Три эти женщины стали центром блестящих дворов; их личность наложила заметный
отпечаток на куртуазное общество своего времени; но вряд ли их можно считать
основоположницами в прямом смысле слова. Уже в первые десятилетия XII века
куртуазная среда существовала не только в Лимузене, Борделе, Гаскони, а
возможно, даже в Тулузе, но и в Анжу, в Нормандии, во Фландрии, в Англии, у
норманнов Палермо и «франков» в Святой земле.
Таким образом, в основных чертах куртуазная «мораль» предполагает приобщенность к известному числу ценностей, которые, в зависимости от местных
традиций и даже от отдельных индивидов, ориентированы либо скорее на создание
или воспроизводство красивых форм (в области мыслей, чувств, поведения, выбора
или изготовления изделий), либо скорее на правильный поступок (правильным
считается особый придворный образ жизни). Впрочем, две эти тенденции не
существовали по отдельности: они могли лишь сочетаться в той или иной пропорции.

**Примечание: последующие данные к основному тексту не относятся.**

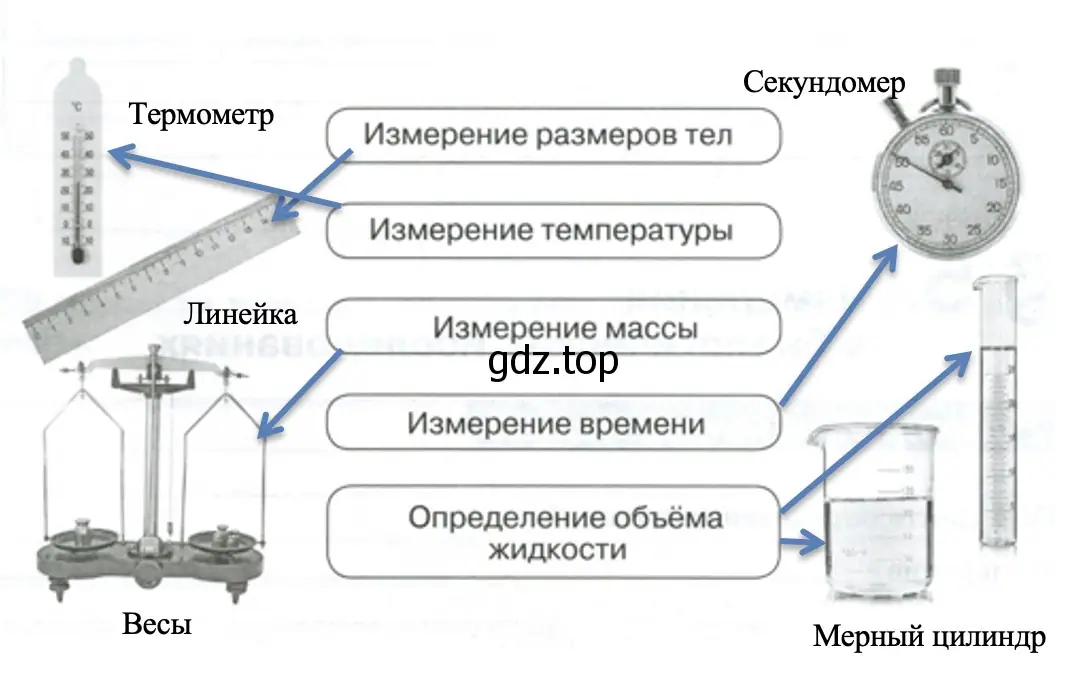 измерительные приборы - биология 5 класс Пасечник Рабочая тетрадь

С учетом этой оговорки куртуазию можно определить как искусство жизни и
морального изящества; вежества в поведении и складе мысли, основанного на
щедрости, честности, верности, скромности и проявляющегося в доброте, нежности,
преклонении перед дамами, но также и в поддержании доброго имени, в терпимости,
в отказе от лжи, зависти, от всякой трусости. Понятие это выражено в двух
взаимосвязанных и дополняющих друг друга терминах:
corteisie
(на окситанском
cortezia), которым
обозначаются прежде всего его внутренние аспекты, скромность и самоконтроль,
равновесие между чувством и разумом, стремление к соответствию идеалам,
признанным в определенной среде, при дворе; и
mesure (mezura),
«мера», который коннотирует скорее аспекты внешние —
умеренность жеста, обуздание страстей, непосредственное подчинение коду,
требующему в XII веке не столько повиновения этикету, сколько сердечного порыва
(поэтому важное значение приобретают знаки, заимствованные из правовых ритуалов
раннего феодализма и еще не опошленные: приветствие, поцелуй примирения,
прощание). Вокруг этих ключевых слов складывается типический набор лексики:
dreiture,
равновесие между
484
требованиями духа и телесными действиями;
sen,
уравновешивающий разум; а также термины, обозначающие
совершенное обладание куртуазными качествами — применительно к тому человеку,
который ими обладает (valor),
либо ко двору, который признает их за
ним (pris).
В этой перспективе прилагательное «куртуазный»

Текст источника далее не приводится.